--- Task directions ---
The answer must be the full data, restated word for word, with no pictures in it.

--- Supplied data ---
────────────────────

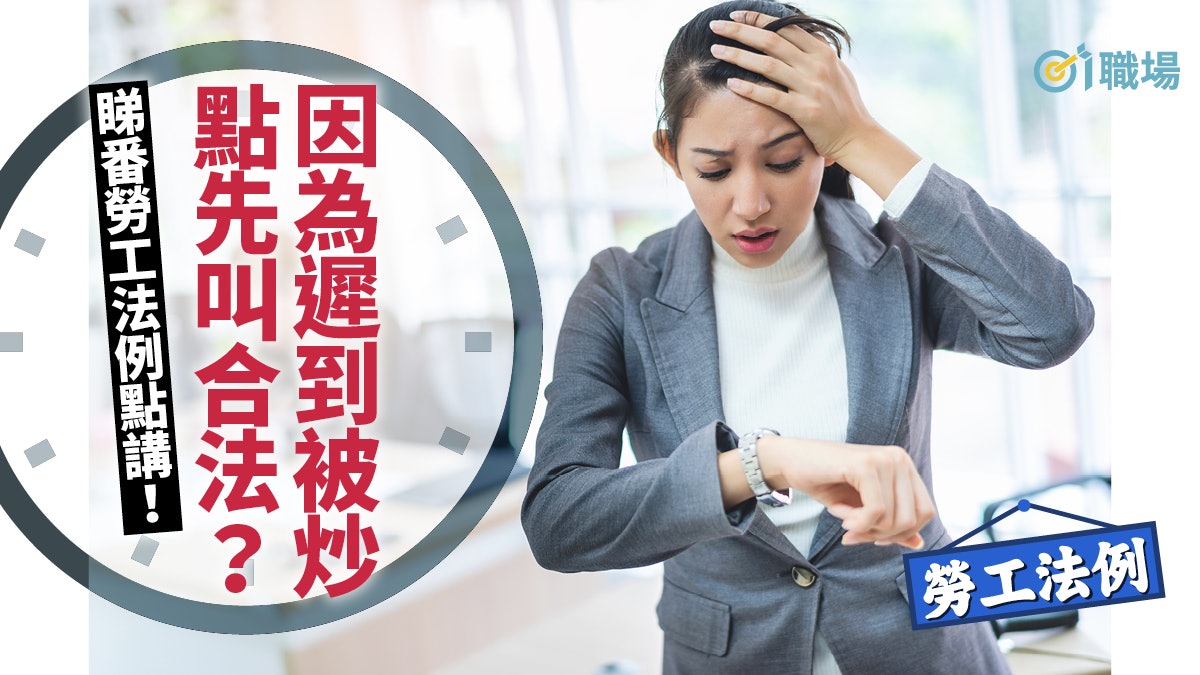 【失業】不服從僱主命令可即被解僱? 即睇相關勞工法例怎解說! 【失業】不服從僱主命令可即被解僱? 即睇相關勞工法例怎解說!
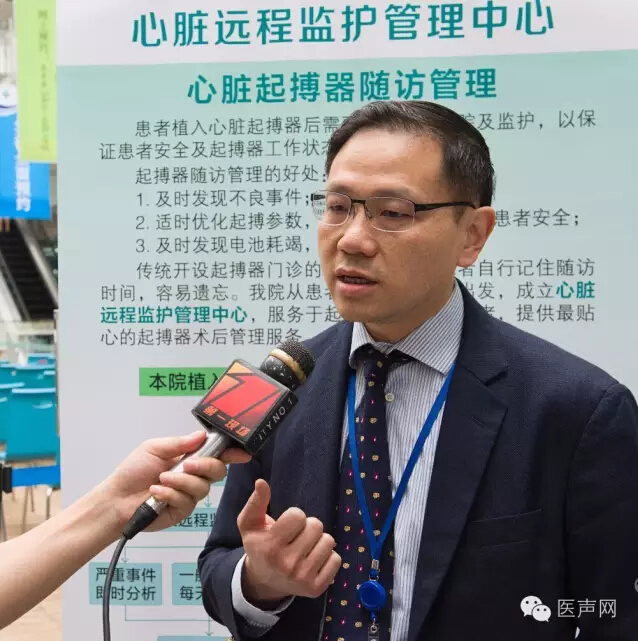 香港大学深圳医院心脏远程监护管理中心成立 暨深圳首台MPP左室多位点起搏CRT-D植入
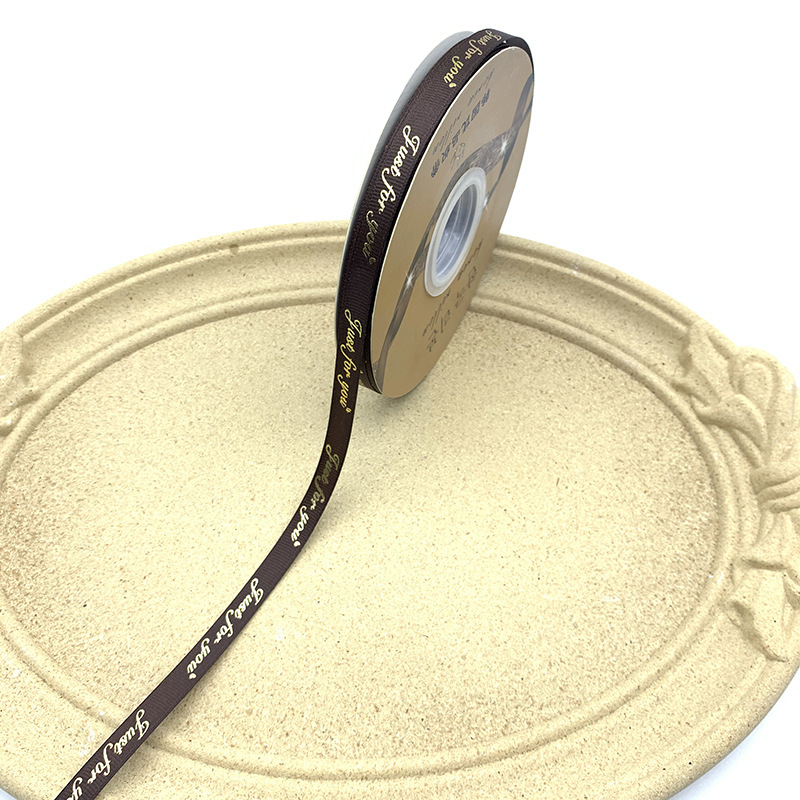 Lucky Lottery panglică decorativă bronzată termic cu litere și motiv fluture pentru ambalare cadouri și meșteșuguri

────────────────────

--- Reply to the exercise ---
 【失業】不服從僱主命令可即被解僱? 即睇相關勞工法例怎解說! 【失業】不服從僱主命令可即被解僱? 即睇相關勞工法例怎解說!
 香港大学深圳医院心脏远程监护管理中心成立 暨深圳首台MPP左室多位点起搏CRT-D植入
 Lucky Lottery panglică decorativă bronzată termic cu litere și motiv fluture pentru ambalare cadouri și meșteșuguri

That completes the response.